* _YOUR GOAL_: If a line below falls between the line with "the marías; heavy// lyrics" and the line with "Lampa loft wisząca", or is one of those two, output it exactly; output nothing else and no pictures.

* _AVAILABLE DATA_:

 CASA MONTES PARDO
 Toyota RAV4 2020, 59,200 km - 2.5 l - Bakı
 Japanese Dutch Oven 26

---

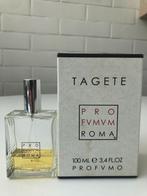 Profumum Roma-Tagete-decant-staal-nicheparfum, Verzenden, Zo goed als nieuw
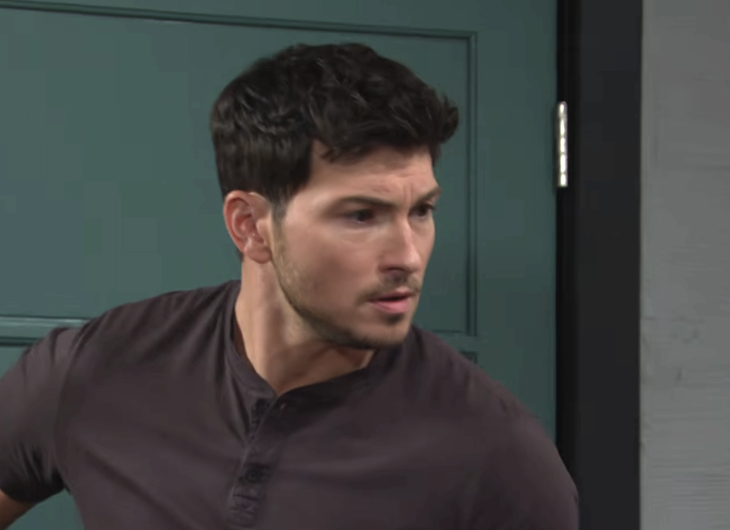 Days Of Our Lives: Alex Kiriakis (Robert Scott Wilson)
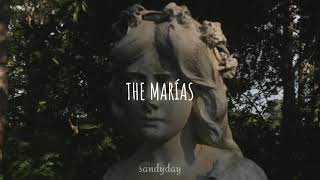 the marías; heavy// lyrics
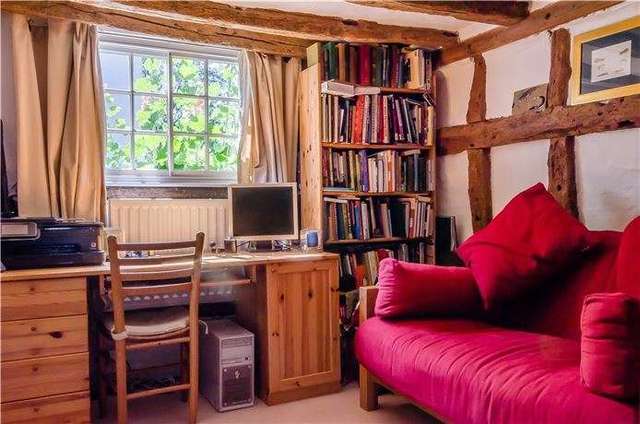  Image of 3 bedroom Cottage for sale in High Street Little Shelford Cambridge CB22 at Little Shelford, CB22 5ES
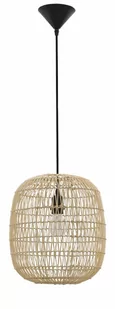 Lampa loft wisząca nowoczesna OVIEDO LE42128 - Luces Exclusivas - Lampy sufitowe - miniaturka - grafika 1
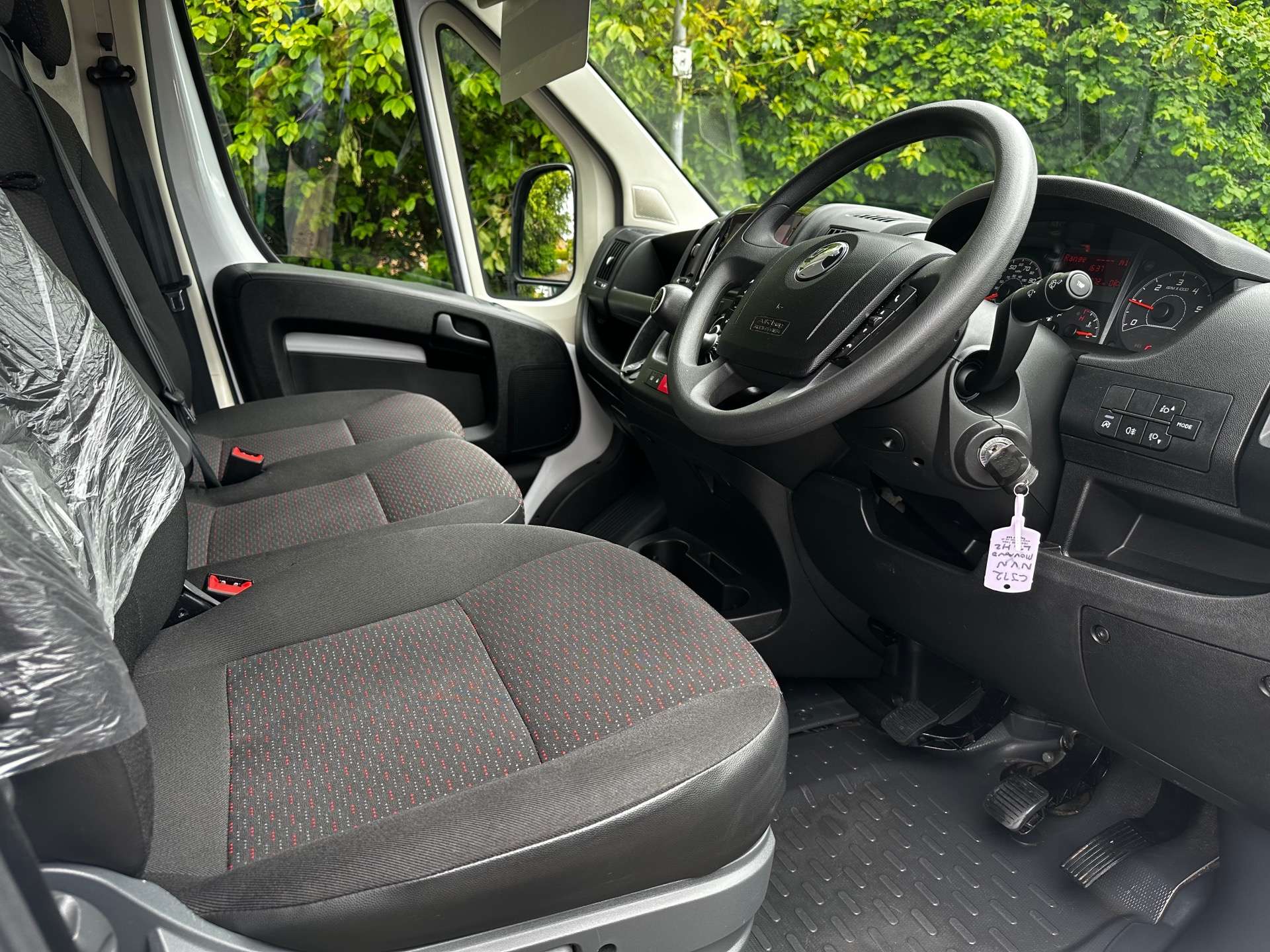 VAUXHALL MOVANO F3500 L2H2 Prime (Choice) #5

* _RESULT_:
 the marías; heavy// lyrics
  Image of 3 bedroom Cottage for sale in High Street Little Shelford Cambridge CB22 at Little Shelford, CB22 5ES
 Lampa loft wisząca nowoczesna OVIEDO LE42128 - Luces Exclusivas - Lampy sufitowe - miniaturka - grafika 1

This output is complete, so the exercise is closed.